Question

(a)Determine the ‘effective focal length’ of the combination of the two lenses if they are placed 8.0cm apart with their principal axes coincident. Does the answer depend on which side of the combination a beam of parallel light is incident? Is the notion of effective focal length of this system useful at all? (b)An object 1.5cm in size is placed on the side of the convex lens in the arrangement(a)above. The distance between the object and the convex lens is 40cm. Determine the magnification produced by the two-lens system and the size of the image.

Answer 1

Focal length of the convex lens, f1 = 30cm
Focal length of the concave lens, f2 = -20cm
Distance between the two lenses, d = 8.0cm
(a) When the parallel beam of light is incident on the convex lens first:
According to the lens formula, we have:
$\frac{1}{v_1}-\frac{1}{u_1}=\frac{1}{f_1}$
Where,
u1 = object distance = v1
= Image distance
$\frac{1}{v_1}=\frac{1}{30}-\frac{1}{\infty}=\frac{1}{30}$
∴ v1 = 30cm
The image will act as a virtual object for the concave lens.
Applying the lens formula to the concave lens, we have:
$\frac{1}{v_2}-\frac{1}{u_2}=\frac{1}{f_2}$
Where,
u2 = Object distance
= (30-d) = 30-8 = 22cm
v2 = Image distance
$\frac{1}{v_2}=\frac{1}{22}-\frac{1}{20}=\frac{10-11}{220}=-\frac{1}{220}$
∴v2 = -220cm
The parallel incident beam appears to diverge from a point that is ($220-\frac{d}{2}$ = 220-4) 216cm from the center of the combination of the two lenses.
(ii) When the parallel beam of light is incident, from the left, on the concave lens first:
According to the lens formula, we have:
$\frac{1}{v_2}-\frac{1}{u_2}=\frac{1}{f_2}$
Where,
u2 = object distance = -∞
v2=Image distance
$\frac{1}{v_2}=\frac{1}{-20}+\frac{1}{-\infty}=-\frac{1}{20}$
∴v2 = -20cm
The image will act as a real object for the convex lens.
Applying the lens formula to the convex lens, we have:
$\frac{1}{v_1}-\frac{1}{u_1}=\frac{1}{f_1}$
Where,
u1 = object distance
= -(20+d) = -(20 +8) = -28cm
v1 = Image distance
$\frac{1}{v_1}=\frac{1}{30}+\frac{1}{-28}=\frac{14-15}{420}=-\frac{1}{420}$
∴ v2 = -420cm
Hence, the parallel incident beam appears to diverge from a point that is (420-4) 416cm from the left of the center of the combination of the two lenses.
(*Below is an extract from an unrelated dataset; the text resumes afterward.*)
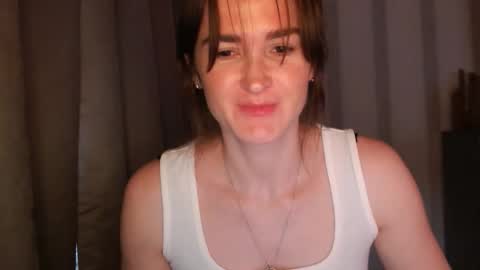 Snapshot of pineapple__mood chatting on 10-11-25, 07:40 online show from 10-11-25, 07:40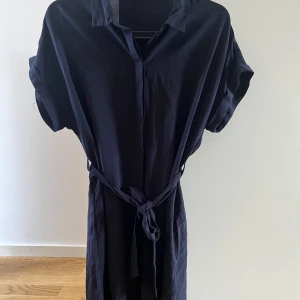 Skjortklänning - Jättefin mörkblå skjortklänning i rak form men med stretchigt tyg. Från veromoda, aldrig använd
The answer does depend on the side of the combination at which the parallel beam of light is incident. The notion of effective focal length does not seem to be useful for this combination.
(b) Height of the image, h1 = 1.5cm
Object distance from the side of a convex lens, u1 = 40cm
|u1| = 40cm
According to the lens formula: $\frac{1}{v_1}-\frac{1}{u_1}=\frac{1}{f_1}$
Where,
v1 = Image distance
$\frac{1}{v_1}=\frac{1}{30}+\frac{1}{-40}$ = $\frac{4-3}{120}$ = $\frac{1}{120}$
∴v1 = 120cm
Magnification, m=$\frac{v_1}{|u_1|}$= $\frac{120}{40}$ = 3
Hence, the magnification due to the convex lens is 3.
The image formed by the convex lens acts as an object for the concave lens.
According to the lens formula: $\frac{1}{v_2}-\frac{1}{u_2}=\frac{1}{f_2}$
Where,
u2 = Object distance
= (120-8) = 112cm
v2 = Image distance
$\frac{1}{v_2}=\frac{1}{-20}+\frac{1}{112}$ = $\frac{-112+20}{2240}$= $-\frac{92}{2240}$
∴v2 =$-\frac{2240}{92}$ cm
Magnification, m' =|$\frac{v_2}{u_2}$|= $\frac{2240}{92}\times \frac{1}{112}$ = $\frac{20}{92}$
Hence, the magnification due to the concave lens is $\frac{20}{92}$.
The magnification produced by the combination of the two lenses is calculated as: m×m'
= $\frac{3\times20}{92}$ = $\frac{60}{92}$ = 0.652
The magnification of the combination is given as:
$\frac{h_2}{h_1}$ = 0.652
h2 = 0.652×h1
Where,
h1 = Object size = 1.5cm
h2 = Size of the image
∴ h2 = 0.652×1.5 = 0.98cm
Hence, the height of the image is 0.98cm.